7.5.1 Step 1: Downloading packages

There are a number of ways to install packages. One of the easiest is to use install.packages(). Note that it might be better to call this “download.packages” since after you install it, you also have to load it!

Well download a package used for plotting called ggplot2, which stands for “Grammar of graphics”

install.packages("ggplot2")

Often when you download a package you’ll see a fair bit of red text. Usually there’s nothing of interest hear, but sometimes you need to read over it for hints about why something didn’t work.

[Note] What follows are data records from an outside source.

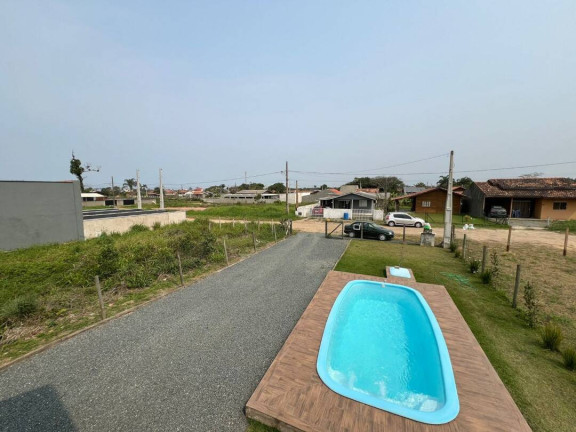 Imagem Casa com 2 Quartos à Venda, 66 m² em Salinas - Balneário Barra Do Sul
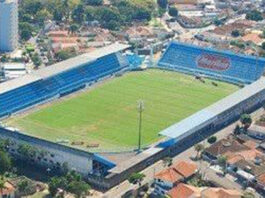 Estádio do Marília é interditado pela Federação Paulista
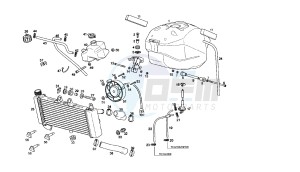 GPR - 125 CC VTHRG1A1A 4T drawing FUEL TANK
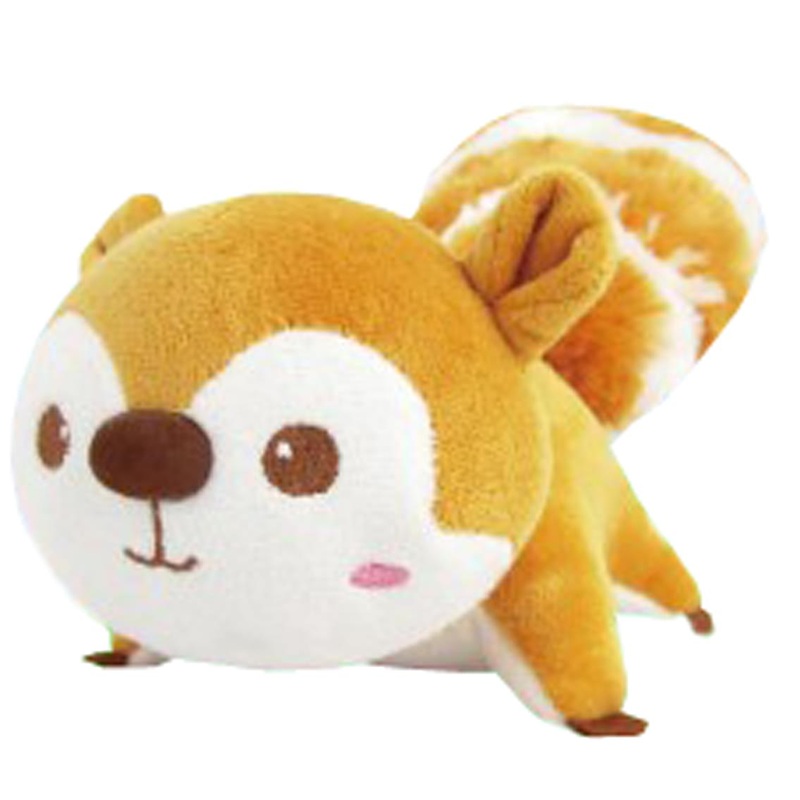 Prime Plush 18" Stuffed Animal Fluffy Squirrel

7.5.2 Step 2: Explicitly loading a package

The install.packages() functions just saves the package software to R; now you need to tell R “I want to work with the package”. This is done using the library() function. (Its called library because another name for packages is libraries)

library(ggplot2)

ggplot2 has a dataset called “msleep” which has information on the relationship between the typical size of a species and its brain weight, among other things

We load the data actively into R’s memory using data(), and can look at the column names using names()

data(msleep)
names(msleep)
##  [1] "name"         "genus"        "vore"         "order"       
##  [5] "conservation" "sleep_total"  "sleep_rem"    "sleep_cycle" 
##  [9] "awake"        "brainwt"      "bodywt"

We can now explore this data set as before using summary(), str(), etc.

Another useful command when you are working with a new dataset is dim(). This tells you the dimension of the dataframe

dim(msleep)
## [1] 83 11

7.5.3 Preview: plotting with ggplot2

ggplot2 is a powerful plotting tool that has become standard among scientists, data scientists, and even journalists. Here’s a quick way to make a plot in ggplot2 using its qplot() function (qplot = quick plot, not to be confused with qqplot). Note that the qplot() function only works if you have ggplot2 downloaded and installed.

A powerful aspect of ggplot is the fact that it can easily be used to modify plots. Here, we use the arguement “color =” to color code the data points based on their IUCN red list status.

qplot(y = brainwt, x = bodywt, data = msleep, color = conservation)
## Warning: Removed 27 rows containing missing values (geom_point).

The animals in this data vary in size from mice to elephants and so a lot of the data points are scrunched together. A trick to make this easier to see is to take the log of the brainwt and bodywt variable. In R, we can do this on the fly like this using the log() command

qplot(y = log(brainwt), x = log(bodywt), data = msleep, color = conservation)
## Warning: Removed 27 rows containing missing values (geom_point).